さすがにちょっと、呆れを通り越した感情が湧き上がる。
根本の原因として俺がいるのだとしても、だ。
このままだとここで痴話喧嘩になりそうだったから、俺はため息をついてから、赤面したまま弱々しく睨んでくるだいに背を向けて、目の前の試合に視線を向けた。
そこではちょうど投球練習を終えたピッチャーと対峙する萩原の対戦シーンに戻っていて——
「おいおい……」
「わぁ……」
正直、唖然とした。
1-1から投じられたボールは、真ん中付近のストレートだったにも関わらず、萩原が見送った。
いや、見送らざるを得なかったのだろう。
「はや……」
だいと話すまで近くにいた木本の、驚きの声が小さく響く。
そう、投球練習こそ普通に投げていたのに、代わったピッチャーの子のボールが、ものすごく速かったのだ。
間違いなく、市原より速い。
どうしてあの子をもっと先に使わなかったのか? そんな疑問を浮かべている間に、萩原が次のボールを空振りして戻ってくる。
2アウト、満塁。
だが、そんな剛腕ピッチャーの前に、ランナーの数など意味を持たない。
しきりに右腕の様子を気にしながら投げていたから、たぶん怪我か何かを押して投げているのかもしれなかったけど、続く三宅さんも三球三振に倒れ、ピッチャー交代からわずか5球で、俺たちの攻撃が終わった。
ランナーから引き上げてくる選手たちに、声はない。
そして最終回のマウンドへ向かう市原も、何も声を出さない。
完全なる意気消沈。
6回裏の守備で生まれた最高潮の空気は、今やどこにも見る影はなかった。
全てが悪い方向に流れてしまった。
俺の首の跡から起きた一悶着と、大チャンスをなす術なく潰されたこと。
掴みかけた流れがどこかへいってしまうには十分過ぎることが起こってしまった。
そして、このチームがいかに市原を軸に作られていたかを実感する。
無言で投球練習をする市原は、勝っているチームのエースの表情をしていない。
心の中に大きなもやもやを抱え、それをどうすればいいのか分からないというような、困った時の子どものような、そんな表情を浮かべている。
そしてそんな市原に、俺もだいも声をかけられない。もちろん俺は声をかけることは出来るが、かけたところで、何の効果もないだろう。
そんな状況だからか、市原の投球練習はひどかった。
上に下に、右に左に、ボールがブレる。
国見さんの構えたミットに、一球もいかないのだ。
そしてその調子を全然立て直せずに、5番、6番と二者連続フォアボールを与えてしまう。
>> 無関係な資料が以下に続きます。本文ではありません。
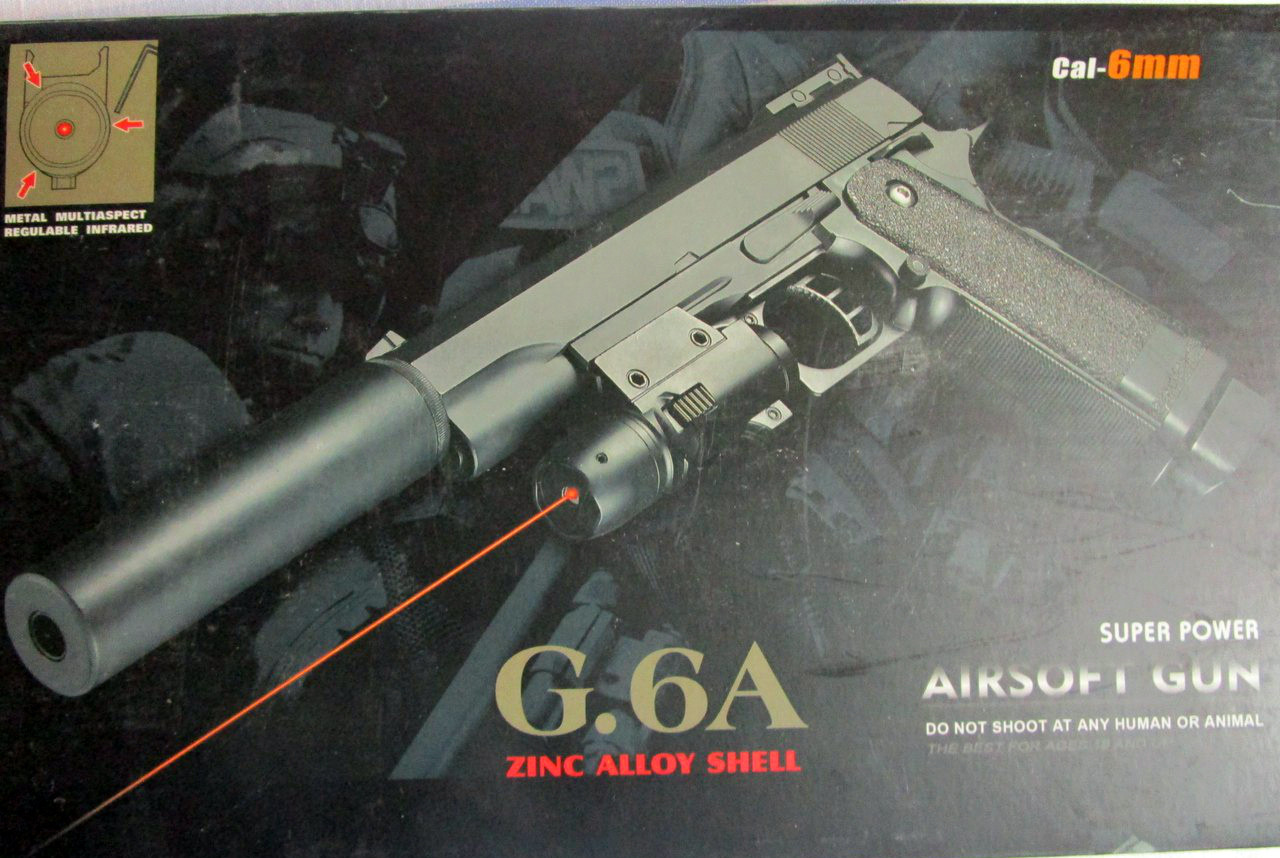 Металлический пистолет  с глушителем 35 см детская пневматика G.6A, фото 1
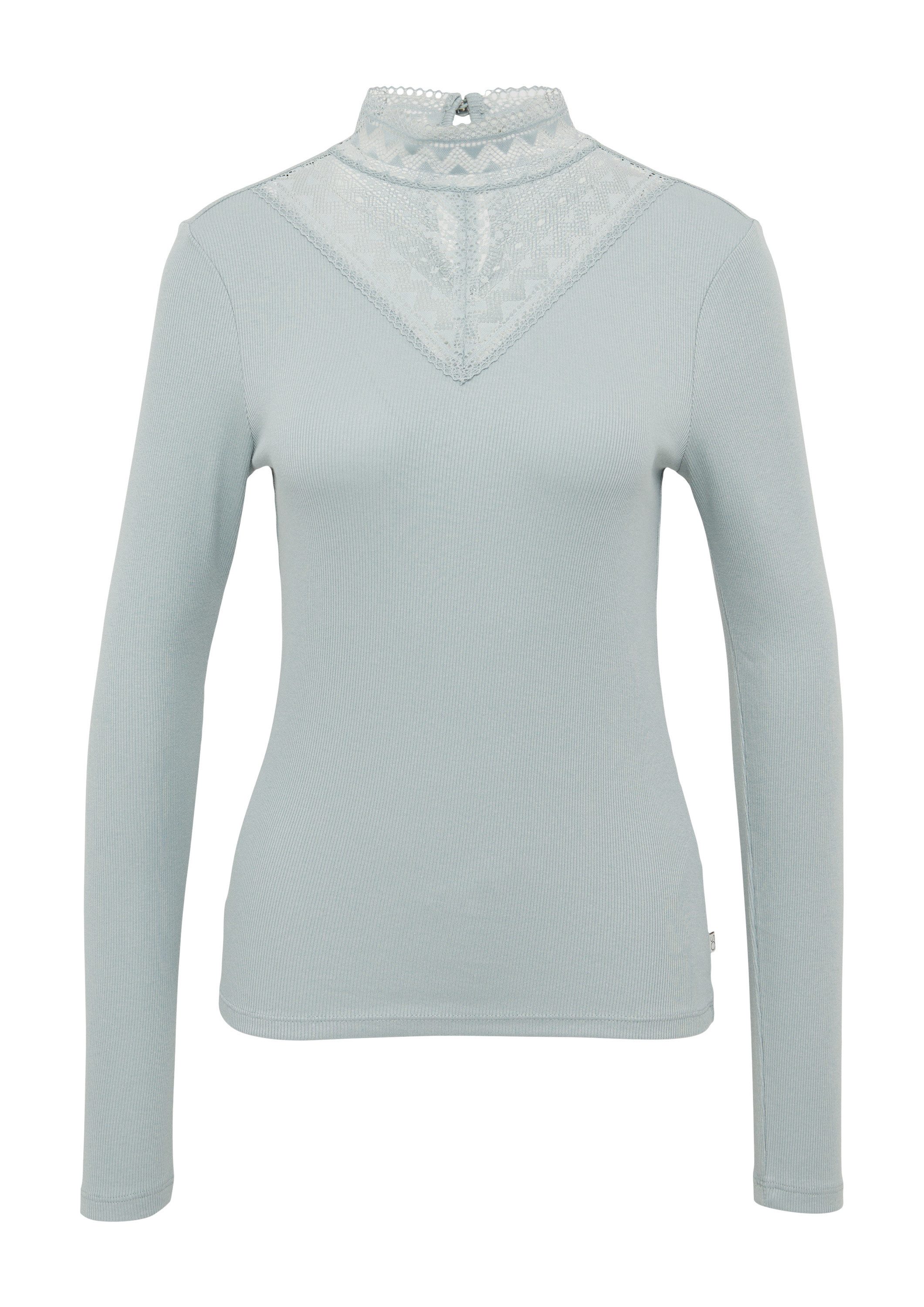 QS Langarmshirt T-Shirt Schmales Rippshirt mit Spitzeneinsatz am Ausschnitt günstig online kaufen
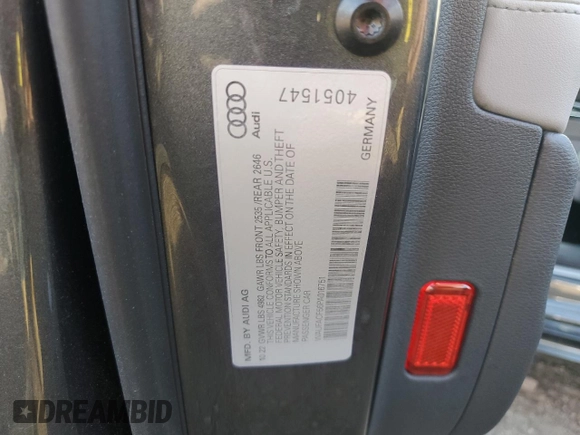 2023 Audi A5 Sportback S line Premium Plus with VIN WAUFACF56PA016751, listed as a Copart auction lot 62872503 with 1,353 mi miles. Bid and sale history available at carsss.com. Image 12.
さすがにこの展開はまずいので、俺はタイムを取って内野手をマウンドに集まるよう指示したのだが——
「大丈夫だから。放っておいて」
と、市原自身に拒絶された。
集まりかけた内野手たちもそんな市原に大きく戸惑い、さしもの国見さんでさえ、どうすればいいか分からないという様子を見せていた。
こんな市原は、初めてだ。
いつものまるでアイドルのようなオーラが、どこにもない。
今週中の不調の時ですら、周囲を気遣う様子はあった。
でも今は、完全に自ら孤立しようとしているのだ。
……くそ!!
歯痒さに、イライラが止まらない。
だが一応タイムをかけた効果はあったのか、続く7番バッターにはバントすることすら叶わない厳しいコースを攻めて、三振を取り1アウトを奪った。
しかし次の8番も1球はストライクを取ったが、結局はフォアボールで、満塁の状況を献上する結果となる。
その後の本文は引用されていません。